Meh, I don't think it was overacting. I mean, the whole thing was pretty melodramatic, what can you do? Also, do you mean did she repent, or was she redeemed? Or both?
Take your pick

I think she realized at the end she was on the wrong side, but I also think she busted Bajoran Hell wide open
 
Yes, I think that's what that scene was meant to convey.

DS9 always had a rich examination of people's individual faith, from Sisko's journey into belief/faith, to Kira's emphatic faith (tempered by knowing she needed to function in secular environments, as well as that fact that she had committed distasteful and decidely non-virtuous acts in her fight against the Cardassians), to Winn's somewhat transparently ambitious and self-serving faith - which had elements analogous i think to modern "prosperity theology": that is, "I serve the Prophets, I should be amply rewarded for being a good girl" (which, btw, for those who will assume so, is NOT normative christian theology).

For the record, I don't agree with the idea that Winn never actually had faith in the Prophets. I just think her faith was immature and struck thru with a sense of entitlement.
 
never understood the point of the bajoran religion, what's in it for them for worshipping the wormhole aliens? i mean christians and muslims get an eternal afterlife, the residence of which determined by their conduct here, buddhist who do what they are told to do go straight into nirvana, and hindus i don't know where, but certainly something nice. and as long as they are here, they can convince themselves that they own the truth, and morals, and enjoy the richest spiritual experiences and all that mumbojumbo, but the bajorans, what do they have?
 
never understood the point of the bajoran religion, what's in it for them for worshipping the wormhole aliens? i mean christians and muslims get an eternal afterlife, the residence of which determined by their conduct here, buddhist who do what they are told to do go straight into nirvana, and hindus i don't know where, but certainly something nice. and as long as they are here, they can convince themselves that they own the truth, and morals, and enjoy the richest spiritual experiences and all that mumbojumbo, but the bajorans, what do they have?

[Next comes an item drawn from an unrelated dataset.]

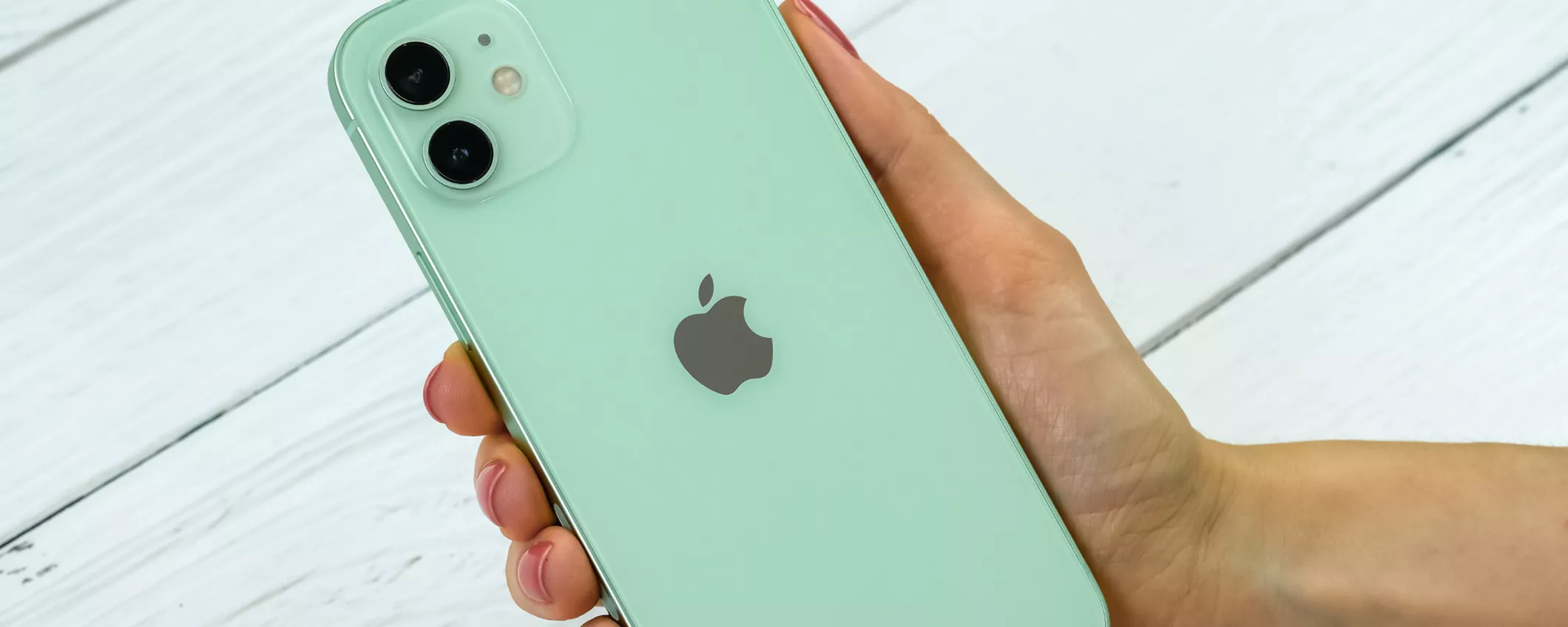 Apple iPhone 15 (256 GB) verde: l'offerta eBay è di quelle IRRINUNCIABILI (-140€)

Dont they believe their Pagh will join the Prophets in the Celestial Temple? Given that the Prophets are real, have said that they are "of Bajor" and the Bajorans know the Emissary I think the Bajorans are quite comfortable with what happens next.
 
The Bajorans get Orbs, orb experiences, visions. They get quite a bit in the here and now without having to shed their mortal shell as well.
 
The Bajorans get Orbs, orb experiences, visions. They get quite a bit in the here and now without having to shed their mortal shell as well.
This seems to be what was implicated in the series.

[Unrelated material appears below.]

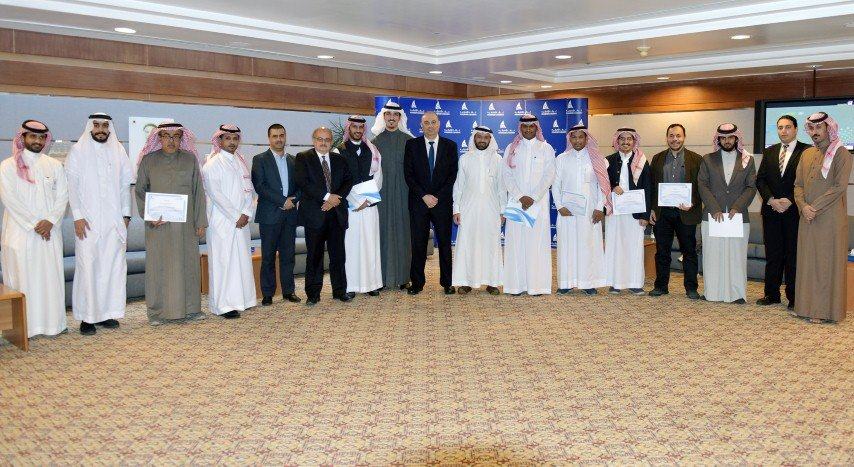 غرفة الشرقية تحتفي بـ 20 خريج من برنامج "كيف تطور مشروعك الصغير"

One of the things I like about the way DS9 portrayed Bajoran religion is it didn't suggest that it answered every significant question the believer might have, or act as a supernatural "get out of jail free card" - but it did connect with the individual believer's personal journey as well as that of the community as a whole. It was both very mystical and mysterious but also a concrete source of comfort and direction/guidance for the believer. And it allowed for the possibility that there would be moral grey areas, areas of uncertainty, but also areas where there was certainty, if that makes any sense.
 
Indeed on DS9 nobody disputed that the Prophets were powerful beings or that the wormhole was probably the Celestial Temple. Starfleet didnt believe they were Gods though and the Bajorans did. That was great.

Im not a religious person but if I was in Starfleet and the Bajoran wormhole aliens ended up wiping out an enemy fleet out because "their emissary" asked them to save Bajor, I might reconsider!
 
^ Really? To me they're just powerful aliens, many species are capable of doing that. I'm religious but if I wasn't, honestly that would have no bearing on it. Interesting how people look at things in different ways. :)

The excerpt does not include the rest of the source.